Qamishli: autobomba colpisce la chiesa della Vergine Maria, almeno 12 feriti
L’esplosione ha causato gravi danni a palazzi e auto nella zona, senza provocare vittime. Teatro dell’attacco al-Wasta, quartiere cristiano in un’area a maggioranza curda. Patriarca siro-ortodosso: attacco che crea “ansia e disordine”. I cristiani “devono rimanere” e non farsi intimorire. Ancora ignoti gli autori.
Qamishli (AsiaNews) - È di almeno 12 feriti il bilancio aggiornato di un attentato che ha colpito ieri pomeriggio la chiesa della Vergine Maria a Qamishli, nel nord-ovest della Siria, in un’area a maggioranza curda contesa con il governo centrale di Damasco.
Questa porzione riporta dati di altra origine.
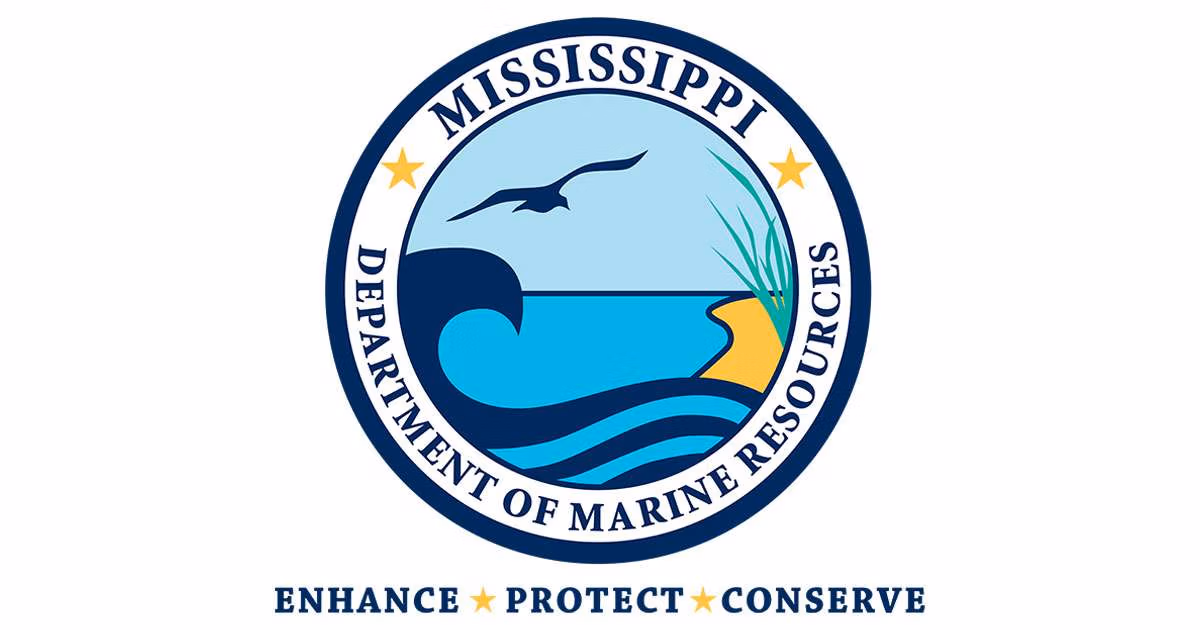 DMR Logo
Al momento non vi sono rivendicazioni ufficiali per l’attacco, che non avrebbe causato vittime - a dispetto delle prime voci che parlavano di morti - ma solo gravi danni materiali alle vetture, agli edifici e al luogo di culto obiettivo dell’autobomba.
Fonti locali interpellate da AsiaNews raccontano che la deflagrazione, innescata da una vettura imbottita di esplosivo, è avvenuta poco dopo le sei del pomeriggio ora locale. Teatro dell’attentato il quartiere di al-Wasta, a maggioranza cristiana, dove sorge la chiesa siro-ortodossa e, poco distante, si trova anche quella armena.
Secondo un cristiano locale, che chiede l’anonimato, il bilancio avrebbe potuto essere ben più grave se gli attentatori non avessero sbagliato a calcolare l’orario di uscita dei fedeli, al termine delle preghiere dei vespri iniziate alle 5.30. Pochi minuti più tardi, avverte, sarebbe stata “un massacro” con diverse decine di morti.
I sospetti si concentrano attorno ai gruppi estremisti, fra i quali cellule locali o lupi solitari dello Stato islamico (SI, ex Isis), tuttora attivi nell’area. Tuttavia, non vi sono rivendicazioni ufficiali o tracce evidenti che possano condurre a un gruppo in particolare. Lo scoppio ha provocato gravi danni materiali, ma non risulterebbero vittime e anche i feriti sarebbero fuori pericolo.
In una nota, inviata per conoscenza ad AsiaNews, il patriarcato siro-ortodosso di Antiochia e di tutto l’Oriente ha condannato l’attentato, che “ha innescato un’atmosfera di ansia e disordine”. Ciononostante, il patriarca mar Ignatius Efrem ricorda che i cristiani “devono rimanere” nella loro terra di origine e non si devono far intimorire. I sacerdoti e i fedeli, prosegue il comunicato, “che erano in chiesa stanno tutti bene”, così come “gli abitanti di Qamishli”; la speranza, conclude, è di una “pronta guarigione” per quanti sono rimasti feriti e “un ritorno a breve della pace e della sicurezza in Siria”.
L’attacco alla chiesa non è un evento isolato, perché nell’area nord-occidentale del Paese - controllata dai curdi, a lungo sostenuti da Washington - nella giornata di ieri si sono registrati tre diversi attacchi: il primo è avvenuto nei pressi di un punto di controllo ad Afrin (contesa con i turchi) e ha provocato la morte di 13 persone, di cui 8 civili, e il ferimento di altre 35. Il terzo attacco è avvenuto nel centro di Hassaké, dove è esplosa una moto imbottita di esplosivo, questa volta senza provocare vittime.